1. WEBサーバとクライアントがHTTPS通信を開始しようとする
2. WEBサーバは公開鍵を含む証明書をクライアントに送る
3. 証明書がクライアントに到達する前に、中間者が証明書を奪取する
4. 中間者は、別の証明書をクライアントに送る
5. クライアントは、中間者の存在に気づかず、送られてきた証明書で共通鍵を作りデータの暗号化を行いWEBサーバに返す
6. 中間者はクライアントからの情報を、復号化し傍受・改ざんを行う
7. 中間者は、WEBサーバの証明書から共通鍵を作り、クライアントからの情報を暗号化してWEBサーバに返す
8. WEBサーバは中間者からのデータと気づかず、通信を継続する
上記の通り、中間者攻撃は証明書(公開鍵)の奪取が成功してしまえば成立します。
これを防ぐためには、証明書を信頼できる機関に署名してもらい、証明書の正当性をWEBサーバとクライアントが確認できる状態にする必要があります。

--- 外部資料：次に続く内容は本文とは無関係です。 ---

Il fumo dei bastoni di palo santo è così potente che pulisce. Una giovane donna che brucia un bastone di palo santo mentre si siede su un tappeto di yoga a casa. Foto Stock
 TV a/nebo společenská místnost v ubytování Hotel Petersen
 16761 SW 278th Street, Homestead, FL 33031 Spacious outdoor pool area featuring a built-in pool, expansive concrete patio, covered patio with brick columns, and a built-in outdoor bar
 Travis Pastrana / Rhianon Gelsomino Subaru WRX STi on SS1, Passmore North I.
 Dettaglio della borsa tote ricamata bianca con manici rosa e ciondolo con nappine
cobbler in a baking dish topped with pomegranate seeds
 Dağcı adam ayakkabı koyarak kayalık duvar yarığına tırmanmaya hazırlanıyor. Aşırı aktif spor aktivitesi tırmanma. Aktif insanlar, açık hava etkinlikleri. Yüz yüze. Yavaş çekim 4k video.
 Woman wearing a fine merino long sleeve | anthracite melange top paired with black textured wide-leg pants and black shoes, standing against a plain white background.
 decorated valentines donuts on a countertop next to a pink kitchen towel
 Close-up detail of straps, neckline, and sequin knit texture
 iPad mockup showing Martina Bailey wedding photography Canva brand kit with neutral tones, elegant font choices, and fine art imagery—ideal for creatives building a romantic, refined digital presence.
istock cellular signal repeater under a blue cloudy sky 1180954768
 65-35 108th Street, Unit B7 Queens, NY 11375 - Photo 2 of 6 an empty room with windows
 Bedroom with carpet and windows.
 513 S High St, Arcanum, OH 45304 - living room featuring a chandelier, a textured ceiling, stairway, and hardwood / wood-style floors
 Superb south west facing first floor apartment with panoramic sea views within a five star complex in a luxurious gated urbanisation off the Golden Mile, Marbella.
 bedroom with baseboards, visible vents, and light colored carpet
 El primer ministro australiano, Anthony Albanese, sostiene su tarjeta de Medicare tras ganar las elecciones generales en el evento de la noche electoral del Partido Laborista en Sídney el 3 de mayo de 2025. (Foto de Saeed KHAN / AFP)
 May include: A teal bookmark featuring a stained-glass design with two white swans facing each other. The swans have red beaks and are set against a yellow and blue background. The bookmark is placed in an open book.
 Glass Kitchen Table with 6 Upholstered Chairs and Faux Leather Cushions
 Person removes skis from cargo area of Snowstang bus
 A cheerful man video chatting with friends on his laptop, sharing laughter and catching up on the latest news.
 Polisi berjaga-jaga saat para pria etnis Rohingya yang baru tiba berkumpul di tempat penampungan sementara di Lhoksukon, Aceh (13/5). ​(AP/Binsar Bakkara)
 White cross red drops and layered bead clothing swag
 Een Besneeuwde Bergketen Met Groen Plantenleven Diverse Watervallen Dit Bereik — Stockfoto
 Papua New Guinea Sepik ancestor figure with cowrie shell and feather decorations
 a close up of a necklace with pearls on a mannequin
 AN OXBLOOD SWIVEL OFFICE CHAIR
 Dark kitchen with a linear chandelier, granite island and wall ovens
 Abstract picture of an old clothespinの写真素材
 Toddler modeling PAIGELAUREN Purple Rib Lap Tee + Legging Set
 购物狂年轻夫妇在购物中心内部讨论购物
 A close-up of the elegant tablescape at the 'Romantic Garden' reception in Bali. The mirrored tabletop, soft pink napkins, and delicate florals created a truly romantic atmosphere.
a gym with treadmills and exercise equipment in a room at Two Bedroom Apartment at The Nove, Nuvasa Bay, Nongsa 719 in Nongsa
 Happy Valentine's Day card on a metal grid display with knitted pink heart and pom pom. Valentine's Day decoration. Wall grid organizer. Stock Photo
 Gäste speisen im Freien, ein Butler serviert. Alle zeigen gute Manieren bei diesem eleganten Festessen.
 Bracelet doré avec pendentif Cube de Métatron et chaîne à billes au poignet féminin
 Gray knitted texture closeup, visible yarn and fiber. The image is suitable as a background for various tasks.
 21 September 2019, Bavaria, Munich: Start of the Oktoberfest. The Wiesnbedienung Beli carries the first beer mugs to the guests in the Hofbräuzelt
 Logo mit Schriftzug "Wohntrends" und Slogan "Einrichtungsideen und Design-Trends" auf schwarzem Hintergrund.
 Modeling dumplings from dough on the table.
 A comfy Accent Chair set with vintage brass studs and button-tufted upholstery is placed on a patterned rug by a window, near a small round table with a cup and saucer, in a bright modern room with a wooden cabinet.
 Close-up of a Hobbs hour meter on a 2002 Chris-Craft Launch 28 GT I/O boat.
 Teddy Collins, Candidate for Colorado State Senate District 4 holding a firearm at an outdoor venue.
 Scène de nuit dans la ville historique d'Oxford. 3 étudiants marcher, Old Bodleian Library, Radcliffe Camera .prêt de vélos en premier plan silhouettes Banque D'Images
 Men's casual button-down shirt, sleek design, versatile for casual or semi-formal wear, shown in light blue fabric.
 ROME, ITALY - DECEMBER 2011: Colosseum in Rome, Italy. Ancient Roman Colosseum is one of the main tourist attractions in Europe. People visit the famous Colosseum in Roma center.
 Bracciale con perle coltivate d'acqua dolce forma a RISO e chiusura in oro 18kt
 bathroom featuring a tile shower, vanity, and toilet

Apache HTTP Serverなど多くのWEBサーバは、HTTPS通信を行う際に、証明書(公開鍵)を使って通信の暗号化を行っているため、中間者攻撃を受けるリスクがあります。
特に第三者の証明が無い、自己署名証明書を利用している場合に、リスクが増大します。
ただ単にHTTPS通信を使ってデータを暗号化していれば安心ではなく、しっかりとした機関が署名した証明書を使うことが重要ということを覚えておきましょう。